Sunday, that was the question that was running through my head. I was standing at the edge of a field, a sky gray with a light snow falling, and the picked clean carcass of a deer resting at my feet. I had been running for about an hour on a new trail. The tracks of other runners had taken a different route and my navigation senses were askew.

“Where am I?”

My tracks were still visible, but they were beginning to fill in. The combination of light wind and light snow were covering up my bread crumbs and foreshadowing a difficult run back to the car. Why I had chosen a snowy day to try a new trail was bringing more negativity to my thinking. Ego seemed like a logical answer, but too simple. This time, my commitment to an ideal that I’ve been creating for myself as some sort of age defying middle-aged adventure runner was a beginning to seem like a better answer. “I’m like Goggins or some other YouTubers.” Nah, that’s when ego meets delusion instead of logic sticking to pragmatism.

As I stood over the deer scanning the woods for a blue trail marker, I thought back to yesterday and the fun run that I had. I pulled my lazy self out of bed and met a group. The folks that I run with are evolving, a necessary action since we are all getting older. Some walk, most run slower, and our focus is more about the social opportunity than the running. My latest journey has had me questioning my loner instincts and acceptance of social burdens. The Saturday runs have become hard because I’m not as at ease socially as I should be and I’ve still got a training mentality.

On this run, I went ahead and picked up my pace. One of the guys went along with me, and he chatted for a while. I tried, but couldn’t keep up the conversational pace. After a diversion from the regular route to add some distance to the run and give the group time to catch up, he chose the friendlier pace and off I went again. With the steps ticking off and my breathing settling into a comfortable rhythm I felt at ease. I was alone on a run, but checking back in with the group at certain points. I hoped that others didn’t think I was being rude. Looking back, I was probably the only one thinking anything of it.

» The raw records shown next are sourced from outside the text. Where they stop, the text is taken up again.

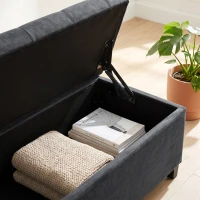 HOMCOM Storage Ottoman Bench, 63" End of Bed Bench for Queen/King Bed, Living Room, Bedroom, Entryway, Dark Grey(m-11)
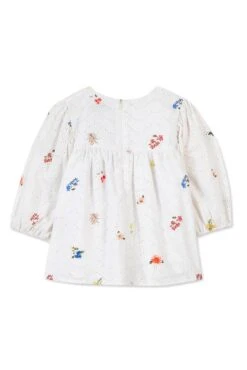Blouse - Blanc Broderie Anglaise Printée -Mode Enfantine TY12002 01 2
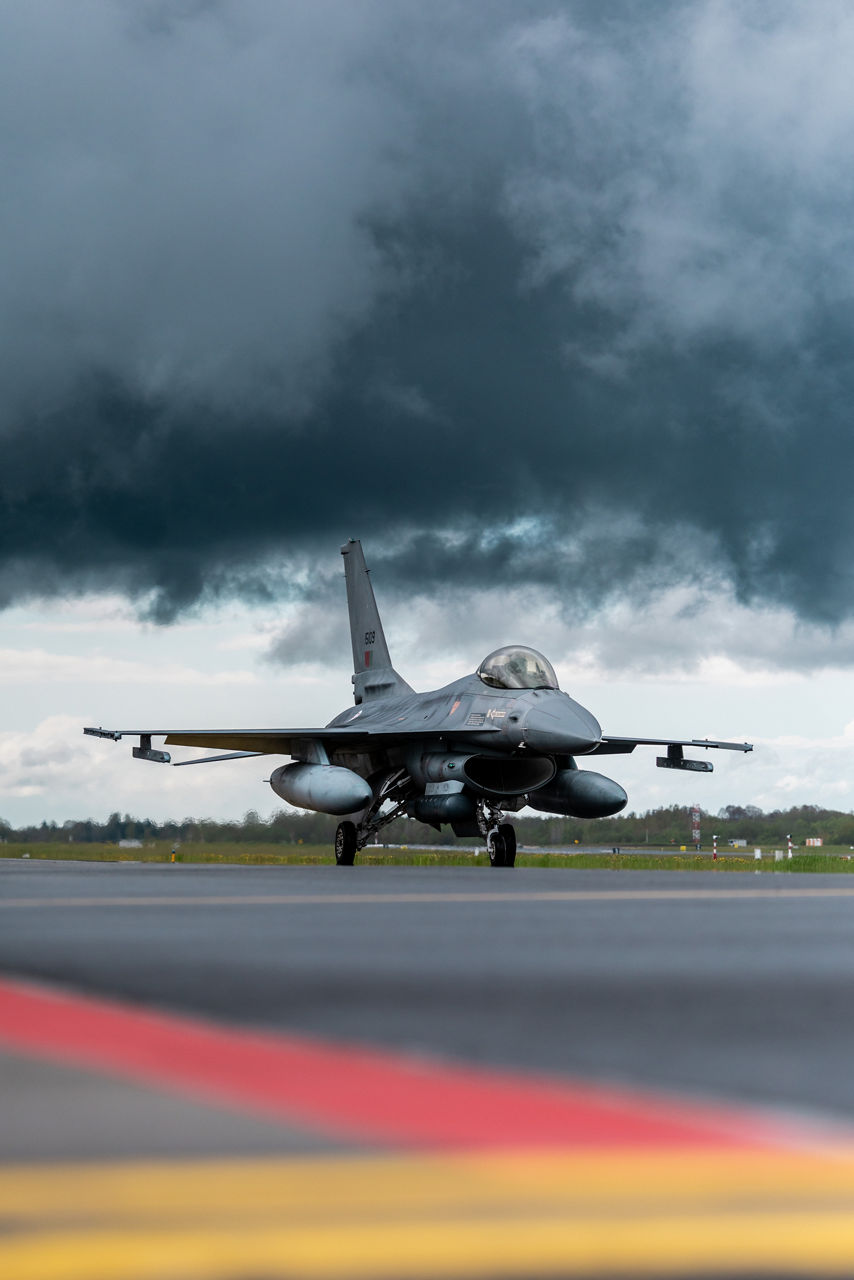 A Portuguese Air Force F-16 Fighting Falcon taxis for take-off during a Baltic Air Policing Rotation in Estonia. 

Baltic Air Policing is a peacetime mission in which NATO Allies deploy fighter jets to cover the airspace of Estonia, Latvia and Lithuania.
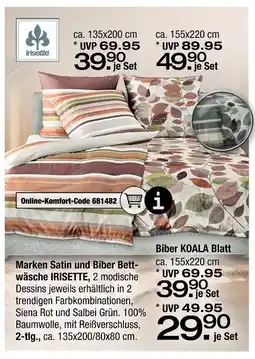 Ostermann Irisette marken satin und biber bettwäsche Angebot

Back at the trail, the cold began to get under my layers and I knew I had to commit to running along the unknown trail through fresh snow and what I thought might be private property or heading back to the car. I chose to go back and found the trail to be more different in this direction. It was mostly downhill, which had me focused on my footing. I became so obsessed on finding my old tracks and noticing bulges of landmine rocks in the snow that I missed a turn and found myself breaking a new trail. Thankfully, I only added about five minutes to the run before correcting my error.

Two falls later, one a slip on a downhill and one a poor job of scrambling over a tree, and I was back to a section with three stream crossings. They had been easier on the way out and with the grace of a bowling ball I made it across all of them dry. Finally, I made it back to the car. After changing and eating some wonderful cupcakes from an Oofos rep, it was time for home.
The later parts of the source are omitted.